Early Action: Many private schools offer an EA Plan. As with ED, you must file your application by an earlier date, and the school will notify you of their decision, usually by December 15, although there can be variance with the reply date. You may also submit regular decision applications to other schools and keep those applications active even after you are admitted under an EA plan. You are not bound to accept the school’s offer of admission and may wait until the common reply date of May 1 to decide which college admissions offer you will accept. In the last few years, some highly selective colleges have moved to a “Restricted Choice/Early Action” (SCEA) program, which specifies that you may not apply to any other school’s EA or ED plan. The acceptance you receive however is non-binding. We expect that more schools will move in this direction. Read application materials very carefully to determine the limits of your application.

Service Academies/ROTC: West Point, Annapolis, and the Air Force Academy, as well as ROTC programs have unique application procedures. The academies offer a free education in exchange for service in a branch of the Armed Forces. You must begin the process early – no later than spring of your Junior year – and be in touch with your local recruiting office. You must also contact local Congressional district office. Appointments are very competitive, and in addition to top grades and scores, leadership experience during high school is an important criterion. See your counselor for more information.

Candidates’ Reply Date Agreement: Colleges notify students of their admissions decisions by April 1, although some schools may stretch notification for an additional week. You do not need to commit to the college of your choice until May 1, at which time you must also notify the colleges whose admissions offer you are not accepting. April is a good time to visit – for some of you it will be the first time, for others to take another look – does the college still meet your expectations?

Wait List: In addition to accepting or denying students, private colleges develop wait lists of students they like but cannot accommodate with an acceptance. Since colleges gamble on how many students will accept their offers, the wait list serves as an insurance policy in case they do not reach their numbers (their “yield”). You will be asked if you wish to remain on the wait list.

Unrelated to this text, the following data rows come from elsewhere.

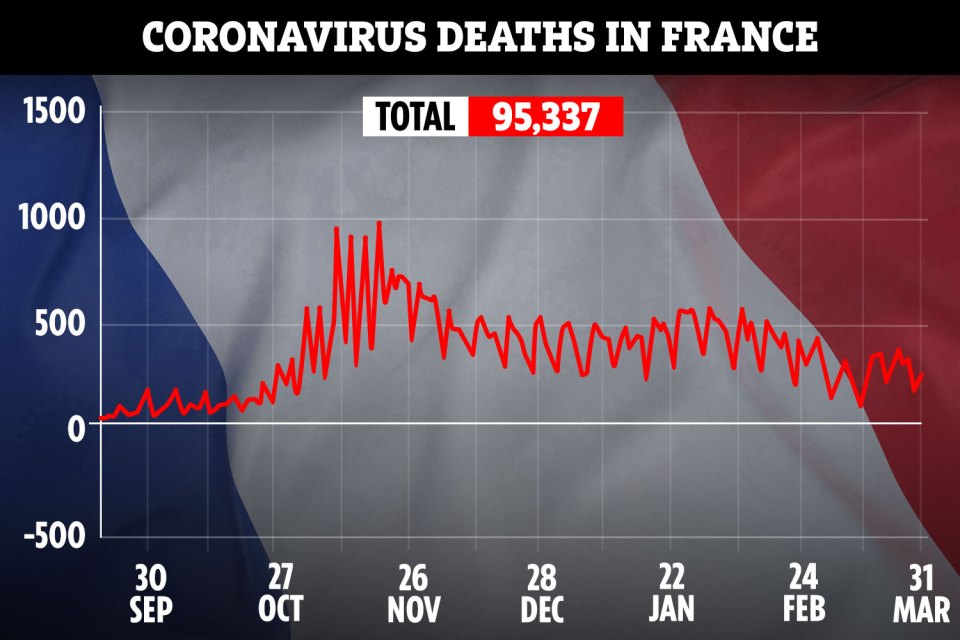 Total deaths in France have soared to almost 100,000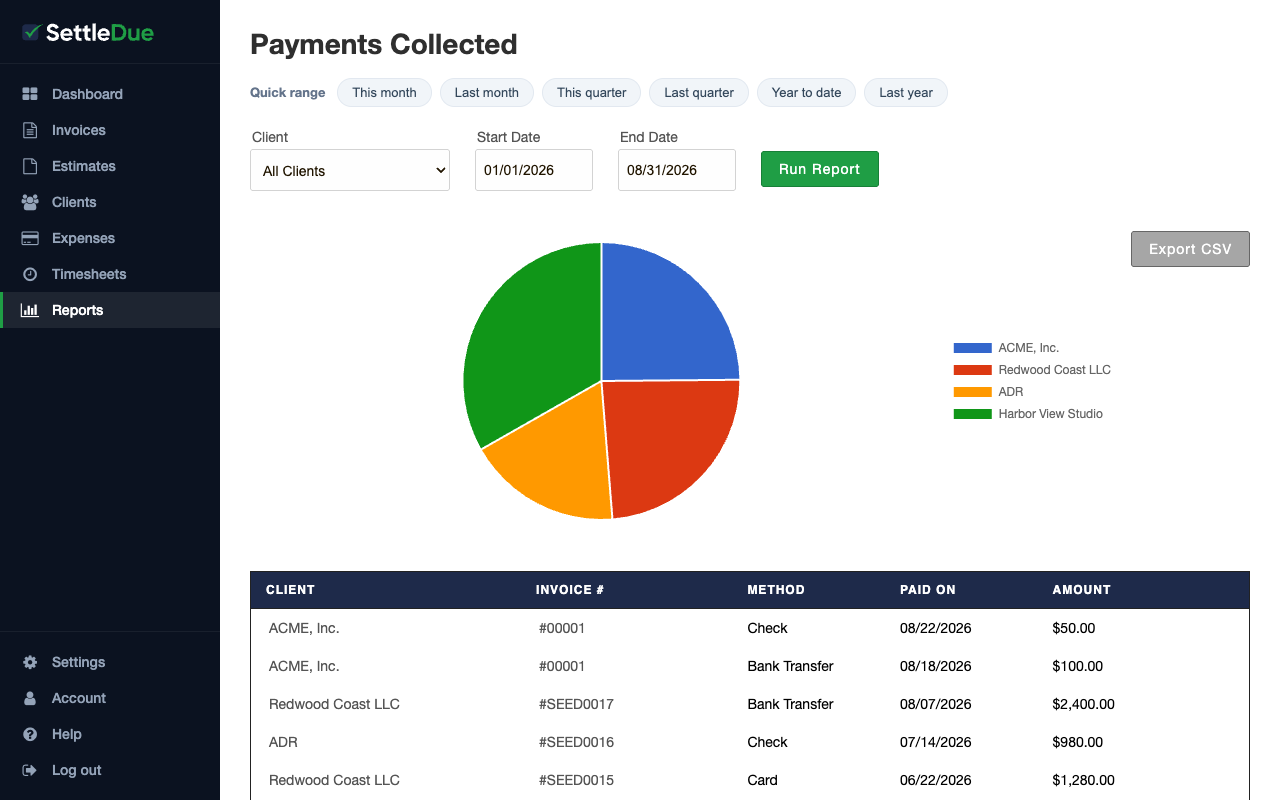 A payments report with quick range buttons, date filters, a pie chart by client, a results table, and an Export CSV button.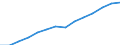 Indicator: Housing Inventory: Active Listing Count: estimate) in St. Clair County, MI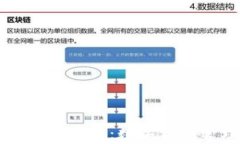 tpWallet数据代币：数字资产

If you choose to remain on the list, you must still accept at one of your other colleges to hold a place for yourself in the fall freshman class. Typically a college may place hundreds of

students on a wait list. If you elect to stay on one, check with your counselor on how you and he or she can advocate for your admission. If this is your first choice school, be proactive but do not be obnoxious. There is a delicate balance, and your counselor can help you determine the best course of action.